It has been a crazy 3-4 months…and it just keeps coming. So I’m selfishly taking some moments to myself in order to reflect on the last part of 2017. I read somewhere that travel is only glamorous afterward. After coming home to massive leak and living in a construction zone since January 1… 2 kids with strep throat… 1 case of flu (yours truly) I am ready for a little glamour. Anyway, in early November my mom, sis and I took our first girls trip in close to 2 decades. We spent the weekend in Tuscan doing yoga, hiking, eating clean, and of course no trip would be complete without tile rummy.

Awesome trip, ariel yoga and floating meditation were among the highlights.

This spa food was really amazing. So naturally when we arrived back I was ready to copycat. Check out my recipe for this soup below.

Of course the eighties architecture and 300 year old cacti weren’t bad to look at either.

 

 

Story

This soup is vegan and packed with superfood goodness. The coconut milk adds richness to the broth, but if you aren’t a fan you could use heavy cream or you skip it and it altogether.

Ingredients

2 tbsp olive oil
3 sweet potatoes chopped into 3/4 inch pieces
1 carrot chopped
1 bunch of kale
1 onion chopped
6 cups of superfood stock
1/4 can coconut milk
2 cloves of garlic minced
1 inch piece of ginger minced
juice of half of a lime
1/4 tsp of ground black pepper
1 tsp of sea salt
pumpkin seed oil
toasted pumpkin seeds

Recipe

Peel and chop your onion and sweet potatoes. In a heavy bottomed pot, heat your oil over medium heat and add your onion and a pinch of salt.
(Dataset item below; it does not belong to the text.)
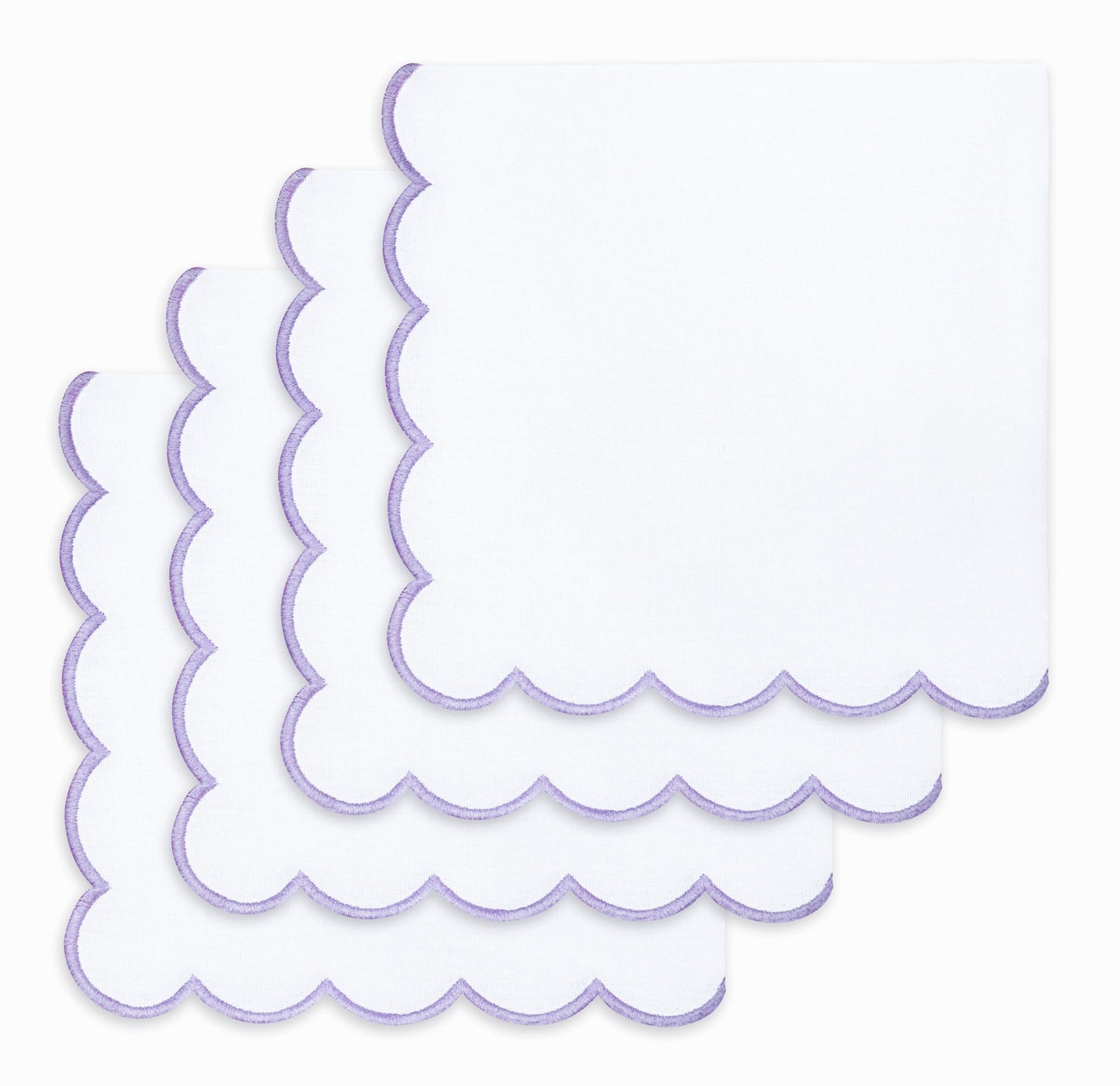 PurpleEssences Scalloped Embroidery Cloth Napkins - Spring Easter Summer - Table Decor - 100% Cotton - Set of 4-18x18 inch (White(Edges- Lavender), 18 x 18 Inch)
Saute until transparent, then add garlic an ginger. After those become fragrant (about a minute or so) add your broth, sweet potatoes and 1 tsp of salt, and pepper. Cook for 20 minutes. In the meantime clean and remove stems from your kale and then chiffonade the kale. I do this by rolling the leaves and doing very slim cuts across.  The sweet potatoes should be tender, then add your kale. Cook for 10 more minutes. Remove the soup from the heat and using and immersion blender puree the soup. Add your coconut milk into the soup and seat for a few more minutes. Remove from heat and squeez in your lime juice. To serve, top each bowl with pumpkin seeds and a drizzle of pumpkin seed oil.